# Effect of expertise, nativity, and fluency

- group comparisons using % agreement, Spearman r, Krippendorf alpha, Fleiss kapp etc.

In [None]:
# intro, defaults (shared across notebooks)

import pandas as pd
import numpy as np
import scipy.stats as st
from pandas import DataFrame, Series, MultiIndex
import matplotlib.pyplot as plt
import drawBot as db
from IPython.display import Image
from sklearn.linear_model import LinearRegression
from sklearn.metrics import mean_squared_error
import pingouin as pg
import krippendorff
%matplotlib inline


# ---------------------------------------------------
# helpers

def fix_columns(cols):
    for col in cols:
        if col[0] == "control":
            yield col
        else:
            col = list(col)
            col[-1] = tuple(eval(col[-1]))
            yield tuple(col)

def make_compact(d, flat=False):
    """
    Make DataFrame compact = use [0, 1, 2]
    instead of all characters on the index
    """

    d_compact = pd.DataFrame(columns=d.columns, index=[0, 1, 2])
    for col in d.columns:
        triplet = col[-1] # last item in the index is a triplet
        col_data = pd.Series(d[col].dropna(), index=triplet)
        d_compact[col] = list(col_data) # past regardless the index
    if flat:
        return d_compact.fillna(0)
    else:
        return d_compact.fillna(0)


# ---------------------------------------------------
# set global properties for plotting

font = {"family":"Adapter Mono PE", "size":"10", "weight":"medium"}
figure = {"titlesize":"10","titleweight":"medium"}
axes = {"titlesize":"10", "titleweight":"medium", "labelsize":"10", "labelweight":"medium"}
plt.rc("font", **font)
plt.rc("figure", **figure)
plt.rc("axes", **axes)
box_colors = dict(boxes="Black", whiskers="0.5", medians="Black", caps="0.5")

In [None]:
# Get data

d = pd.read_csv("csv/raw-data-preprocessed.csv", index_col=0, header=[0,1,2], dtype="unicode")
d.sort_index(axis=1, inplace=True)

non_control_columns = [col for col in d.columns if col[0] != "control"]

# fix type
d["control", "control", "order"] = d["control", "control", "order"].astype("float").astype("int")

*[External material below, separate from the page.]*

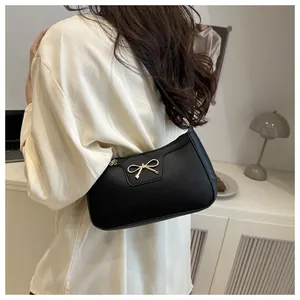 Close-up of black pebble grain hobo bag with gold bow buckle on a casual outfit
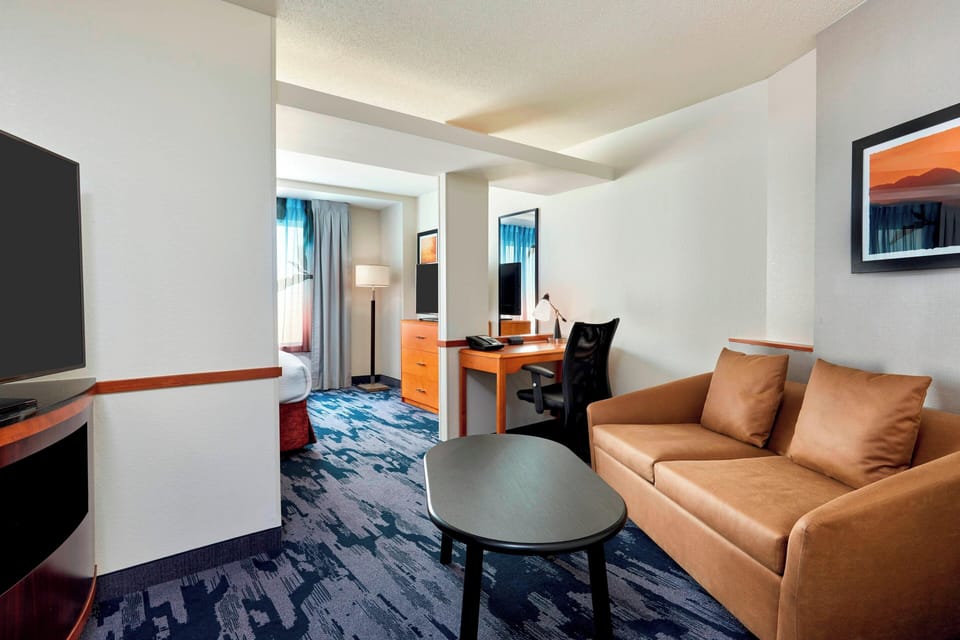 Suite, 1 King Bed (Living Area) | Living area | LCD TV, pay movies, MP3 dock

# fix triplet columns (convert them to tuples)
d.columns = pd.MultiIndex.from_tuples(list(fix_columns(d.columns)))

# data frame just for the demographics
demo = d["control", "control"]

print("Imported %d rows, %d columns." % d.shape)


# ---------------------------------------------------
# lists of typefaces and scripts

from chardict import chardict, all_characters, all_typefaces, all_script_typefaces

sorted_scripts = sorted(all_script_typefaces.keys())
# get sorting for all characters in all scripts together
sorted_chars = []
for script in ["cyrillic", "devanagari", "latin"]:
    sorted_chars += list(chardict[script].keys())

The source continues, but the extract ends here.